The National Association of Head Teachers (NAHT) is investigating a suspected Islamist plot to oust head teachers at schools in Birmingham and replace them with Muslims, the BBC has revealed.
A letter leaked to the BBC, which details a plan called ‘Operation Trojan Horse’, was allegedly sent from someone in Birmingham to a contact in Bradford.
The letter had apparently been sent to twelve Birmingham schools early in November last year, but had only become public after the NAHT heard, in February, that an extremist group was attempting to engineer the sacking of head teachers who did not agree with Islamic aims.
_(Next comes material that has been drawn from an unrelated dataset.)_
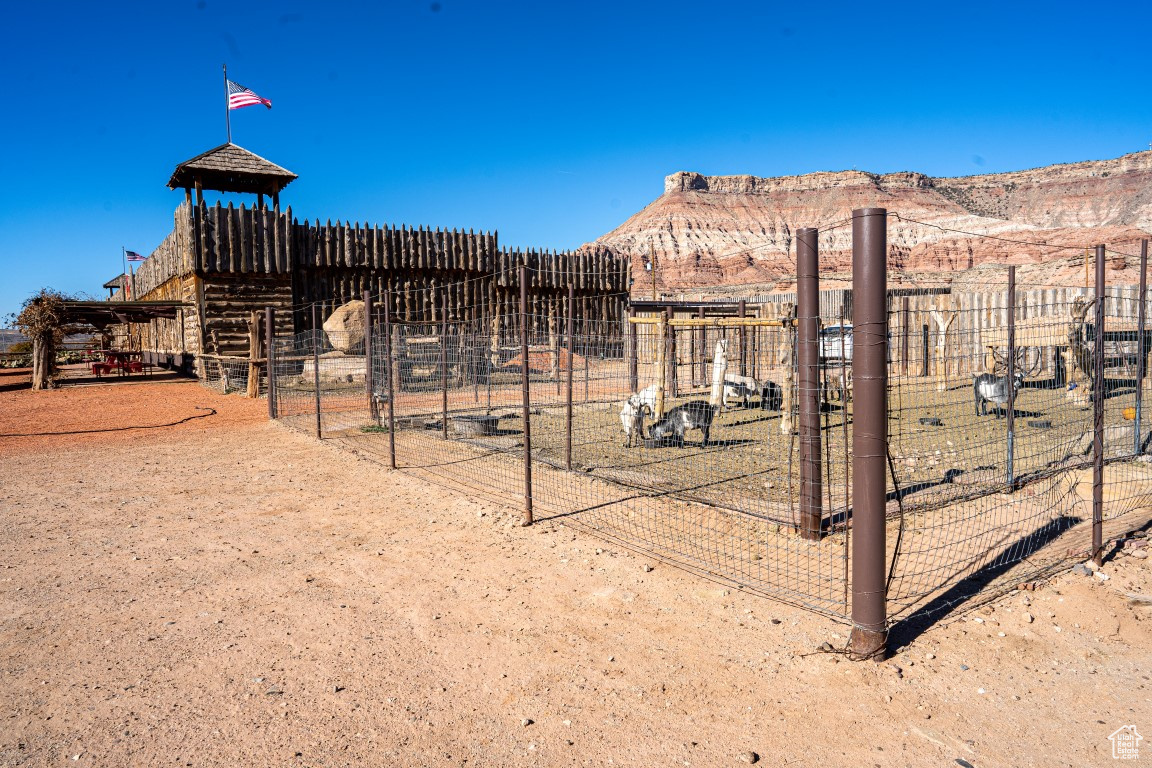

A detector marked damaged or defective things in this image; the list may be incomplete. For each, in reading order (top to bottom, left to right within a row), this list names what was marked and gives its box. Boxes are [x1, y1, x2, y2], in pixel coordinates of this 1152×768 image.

rusty metal fence post [797, 226, 824, 541]
rusty metal fence post [847, 206, 889, 663]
The letter boasts that up to four schools have already been taken over and more have been set up for a fall, and claims that such methods could be implemented in Bradford to help take over schools.
It claims that Muslim parents at the schools were being used in the fight, and said the most orthodox Muslims, the Salafi, were being ‘enlisted’ to help the cause, by ‘turning parents against the head teacher and the leadership team’.
It said parents could ‘be encouraged to turn against the leadership team, if they are told the school is “corrupting their children with sex education, teaching about homosexuals or making their children pray Christian prayers”.’
According to the BBC, the letter said the Birmingham plot centred on the twelve schools identified as being ‘vulnerable’ and subject to measures by the educational watchdog Ofsted, claiming these would be the easiest targets.
However, it is claimed that victories achieved in these soft-target schools could pave the way for an eventual take-over of other schools.
The BBC report said that, in February, the head teachers of the schools met Birmingham City Council to discuss their concerns. It is now understood that the NAHT, the Department of Education and the police are working to investigate the validity of these claims.